In Wednesday's hearing titled "The Dodd-Frank Act and Regulatory Overreach [3]," the Financial Services Subcommittee on Oversight and Investigations examined the causes of the 2008 financial crisis and the subsequent passage of Dodd-Frank in 2010 along with the regulatory burdens that Dodd-Frank created.

"Those who supported Dodd-Frank have been more concerned with helping special interests in Washington than their constituents back home and the proof is in the numbers," said Representative Sean Duffy (R-Wisconsin), chairman of the subcommittee. "Fewer people have returned to the work force than in any other modern recovery. Our community banks are closing every week, Main Street lenders are being slowly euthanized and the number one cause that I hear from people in Wisconsin is the excessive regulatory burden imposed by this administration. Dodd-Frank is a major cause of that burden."

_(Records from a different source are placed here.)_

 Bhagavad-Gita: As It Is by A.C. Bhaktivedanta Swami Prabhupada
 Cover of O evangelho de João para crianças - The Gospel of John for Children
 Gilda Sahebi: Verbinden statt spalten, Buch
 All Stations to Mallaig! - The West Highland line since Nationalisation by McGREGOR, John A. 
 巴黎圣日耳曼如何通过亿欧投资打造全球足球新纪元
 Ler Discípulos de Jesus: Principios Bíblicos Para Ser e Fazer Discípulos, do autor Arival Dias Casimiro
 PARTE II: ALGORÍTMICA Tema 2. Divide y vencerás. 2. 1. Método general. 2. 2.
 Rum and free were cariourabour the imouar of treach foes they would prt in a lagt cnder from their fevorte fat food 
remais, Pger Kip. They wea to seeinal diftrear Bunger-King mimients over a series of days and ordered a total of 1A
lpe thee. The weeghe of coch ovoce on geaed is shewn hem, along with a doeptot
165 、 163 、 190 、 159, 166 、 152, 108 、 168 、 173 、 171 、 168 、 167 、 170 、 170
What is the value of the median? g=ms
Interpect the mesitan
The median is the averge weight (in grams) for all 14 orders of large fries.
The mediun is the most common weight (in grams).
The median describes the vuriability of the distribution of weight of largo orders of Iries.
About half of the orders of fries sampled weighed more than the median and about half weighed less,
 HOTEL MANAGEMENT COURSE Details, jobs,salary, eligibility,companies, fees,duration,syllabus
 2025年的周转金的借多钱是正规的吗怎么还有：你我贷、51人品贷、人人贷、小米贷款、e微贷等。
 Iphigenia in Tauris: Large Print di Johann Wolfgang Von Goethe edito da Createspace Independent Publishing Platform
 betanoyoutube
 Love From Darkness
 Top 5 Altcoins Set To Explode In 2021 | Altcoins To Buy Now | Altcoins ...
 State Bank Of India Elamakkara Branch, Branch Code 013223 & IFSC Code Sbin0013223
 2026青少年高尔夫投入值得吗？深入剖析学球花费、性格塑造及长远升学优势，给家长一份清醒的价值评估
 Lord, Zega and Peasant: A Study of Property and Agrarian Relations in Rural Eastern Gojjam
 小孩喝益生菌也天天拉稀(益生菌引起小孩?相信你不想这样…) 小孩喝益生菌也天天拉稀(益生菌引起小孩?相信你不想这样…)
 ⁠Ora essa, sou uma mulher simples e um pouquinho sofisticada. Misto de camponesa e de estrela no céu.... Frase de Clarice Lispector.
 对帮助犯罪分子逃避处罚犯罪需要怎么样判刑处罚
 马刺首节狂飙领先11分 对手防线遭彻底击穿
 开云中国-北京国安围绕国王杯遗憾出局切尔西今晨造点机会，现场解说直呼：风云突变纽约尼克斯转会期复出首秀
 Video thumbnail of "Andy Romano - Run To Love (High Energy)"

Duffy said that the "crushing regulatory regime" of Dodd-Frank has perpetuated unemployment, stifled hiring, and made it harder for people to obtain loans to either buy a home or expand their business.

One of the witnesses at the hearing, Dean and Professor of Law at the University of Virginia School of Law Paul G. Mahoney, said a consequence of Dodd-Frank will be fewer and larger banks in the United States, because Dodd-Frank has layered on "costly new regulations that the large banks can afford but smaller ones cannot."

Key takeaways from Wednesday's hearing include: Dodd-Frank was hastily passed in reaction to the financial crisis and benefits big banks at the expense of consumers; the 2008 financial crisis was caused not by market failures but by bad federal government housing policies that pushed people into buying homes they could not afford, and that regulators charged with monitoring the financial system failed to act until it was too late despite having all the authority they needed to regulate the system; and that Dodd-Frank will be ineffective at preventing the next financial crisis because it failed to address the fundamental causes of the 2008 crisis, and it paved the way for the next financial crisis by passing "too big to fail" into law and allowing taxpayer-funded bailouts for financial institutions deemed as "systemically important."

Another witness at Wednesday's hearing, Hester Peirce, Director of the Financial Markets Working Group at the Mercatus Center at George Mason University, said that the drafters of Dodd-Frank were working without full information, since the Financial Crisis Inquiry Commission which Congress charged with determining the cause of the financial crisis did not issue a report until six months after Dodd-Frank was passed into law.

"As the failures and bailouts of the financial crisis accumulated, so too did the calls for a quick and thorough rewriting of the financial regulatory rulebook," Peirce said. "The resulting Act was the product of fear and fury, not of careful analysis. Grounded in an inaccurate market failure narrative, Dodd-Frank expands regulators’ authority to enable them to play a more central role in managing the financial system and identifying and mitigating systemic risks. This approach to financial regulation, while a natural response to a market failure narrative, only increases the vulnerability of financial system to regulatory failure."